Because there were a large number of false hadith, a great deal of effort was expended by scholars in a field known as hadith studies to sift through and grade hadith on a scale of authenticity. In Sunni Islam there are six major authentic hadith collections known as the Kutub al-Sittah or al-Sihah al-Sittah.
The two "most famous" 'Authentic' ḥadīth collections are those of Sahih al-Bukhari and Sahih Muslim — known as the sahihayn. These works came out over two centuries after the Uthmanic codex,.

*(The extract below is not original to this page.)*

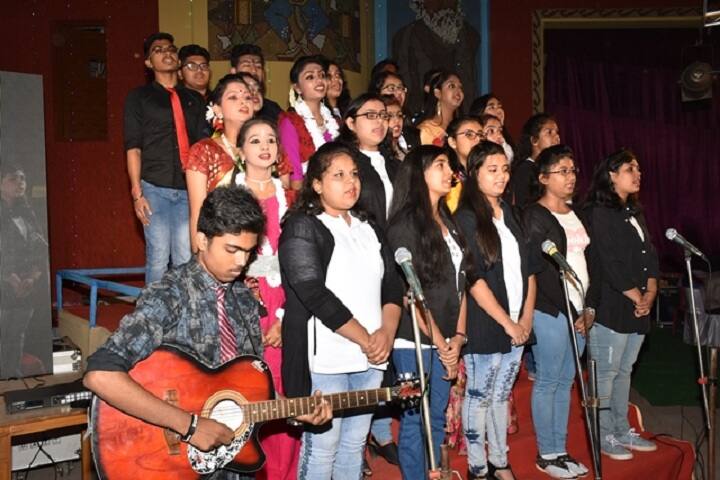 Burnpur Riverside School-Singing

Shia Islam does not use the same collections of hadith, because they do not trust many of the Sunni narrators and transmitters that passed down the hadith. The best-known Shia hadith collections are The Four Books, which were compiled by three authors who are known as the 'Three Muhammads'. The Four Books are: Kitab al-Kafi by Muhammad ibn Ya'qub al-Kulayni al-Razi, Man la yahduruhu al-Faqih by Muhammad ibn Babuya and Al-Tahdhib and Al-Istibsar both by Shaykh Muhammad Tusi. Shi'a clerics also make use of extensive collections and commentaries by later authors.
Not only were the hadith collections compiled centuries after the Quran, but their canonization was also much later. Scholar Jonathan A. C. Brown has studied the process of canonization of the two "most famous" collections of hadith -- sahihayn of al-Bukhari and Muslim -- which went from "controversial to indispensable" over the centuries.

From their very creation, they were subject to withering criticism and rejection: Muslim was forced to argue that his book was merely meant as a 'private collection' and al-Bukhari was acused of plagiarism. The 4th/10th and 5th/11th centuries were no kinder, for while the Shafi'is championed the Sahihayn, Malikis were initially enamored of their own texts and 'tangential to the Sahihayn network", while the Hanbalis were openly critical. Not until the mid-5th/11th century did these schools come to a tacit agreement on the status of 'the Sahihayn canon as a measure of authenticity in polemics and exposition of their schools' doctrines' ; it would be three more centuries before the Hanafis would join them in this assessment.

Brown writes that the books achieved iconic status in the Sunni Muslim community such that public readings of them were made in Cairo in 790 AH/1388 CE to ward off plague and the Moroccan statesman Mawlay Isma'il "dubbed his special troops the 'slaves of al-Bukhari'".